愛知県岡崎市でデイサービスを経営する一方で、全国の介護施設や公民館などに出向き、自ら考案した介護予防体操を教えている。
「ごぼう先生」の「ごぼう」は、介護の「ご」、予防の「ぼう」から。体操指導の際に名乗る名前なのだという。
本書は、簗瀬さんが2つの活動から導き出した「介護のモットー」「介護予防のコツ」「介護する側の心の持ち方」をまとめたもの。
どの施設に行っても必ずみんなを笑顔にするという彼の言葉は、明るく親しみやすくて、わかりやすい。
高齢者本人だけでなく家族も介護スタッフも、読めばきっと心が軽くなることだろう。
第1章には、特に高齢者に向けて、老いをポジティブにとらえて生きるためのヒントが満載だ。
キーワードは「できなくて当たり前!」。例えばこのような言葉が並ぶ。
大事なのは「できること」じゃない、楽しむこと!
完璧を目指しちゃダメ! 70点がちょうどいい
介護サービスを受けること=人生の終わりではない!
深呼吸も立派な体操!
ごぼう体操では、できないことで落ち込む必要はない。うまくできなくても、楽しめて笑顔になれることをめざしている。
楽しいと思えば、次につながり続けたくなる。楽しいと思えないことを無理してやっても、あまり効果は上がらないものだ。
これは体操に限ったことではない。楽しさが先にあってこそ動きにつながり、結果的に生活の質を上げられる、と簗瀬さんは考える。
第2章は、高齢者を支える家族へのアドバイスだ。こちらも経験に裏打ちされた内容なので、ストンと納得できる。
家族としての向き合い方や介護のコツ、さらには早めにプロに助けを求めることもすすめてくれる。「介護はプロに、家族は愛を」という言葉が印象的だ。

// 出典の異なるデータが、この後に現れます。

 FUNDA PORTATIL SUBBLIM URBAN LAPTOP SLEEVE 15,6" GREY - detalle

介護という「行為」は、ある程度人に任せていいのだと話す。この言葉に救われるご家族も多いことだろう。
介護職の立場で読むなら、第3章は必読だ。介護の現場で働いている人も、介護の仕事をめざしている人も、著者の笑顔あふれるポジティブな取り組みから力をもらえるはずだ。

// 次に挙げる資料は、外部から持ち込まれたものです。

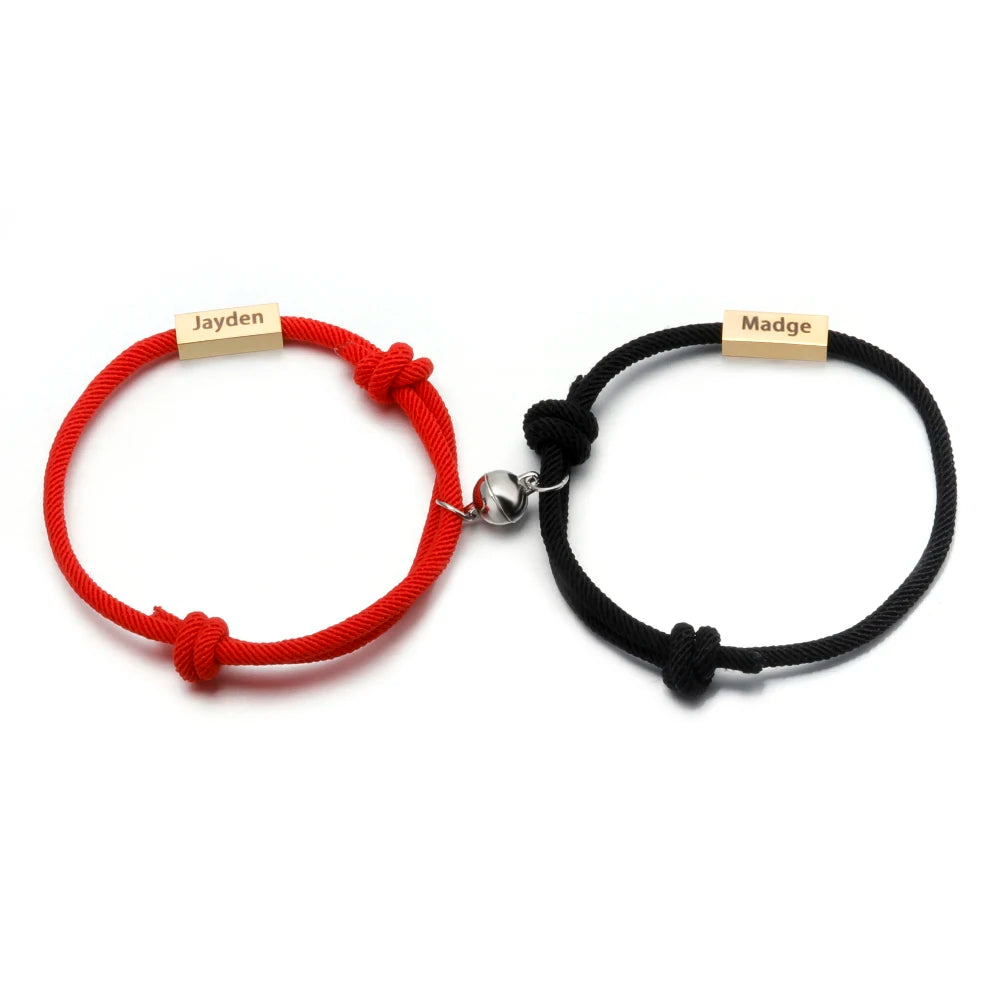 Red Rope Braided Jayden and Madge Couple Bracelet Custom Magnetic Bracelet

著者は自分を「笑顔を作るパフォーマー」ととらえ、笑顔についてこのように話している。
<やはり笑顔が増えると体調がよくなる方も多いですし、何より一瞬の笑顔が見られることで、家族もスタッフもすごくホッとできるんですよね。介護は決してラクなものではありません。そんな中でも、たまにブワッと笑ってくれると、疲れが吹っ飛んだりするんですよ。僕たちもその一瞬の笑顔のために頑張っている、と言っても過言ではないと思います。>
著者考案の「ごぼう体操」も、最後の章でその一部が紹介されている。
介護する人もされる人も笑顔になれる、車いすで歩けなくても半身がマヒして動かせなくても楽しめる、そんな体操なのだそうだ。
どのような立場で読んでも、心と体が楽になる一冊だ。
著者プロフィール
簗瀬 寛(やなせ・ひろし)さん
株式会社GOBOU 代表取締役。鍼灸師。社会福祉主事任用資格。
1985年、愛知県岡崎市生まれ。日本福祉大学卒。大手鍼灸接骨院の勤務を経て、2014年より喫茶店のような地域密着型デイサービス「リハビリカフェ倶楽部 岡崎店」を開店。その一方で、全国各地の介護施設で“大人のための体操のお兄さん”ごぼう先生として健康体操の普及に努める。これまでに全国300ヵ所、1万人以上と一緒に健康体操を行う。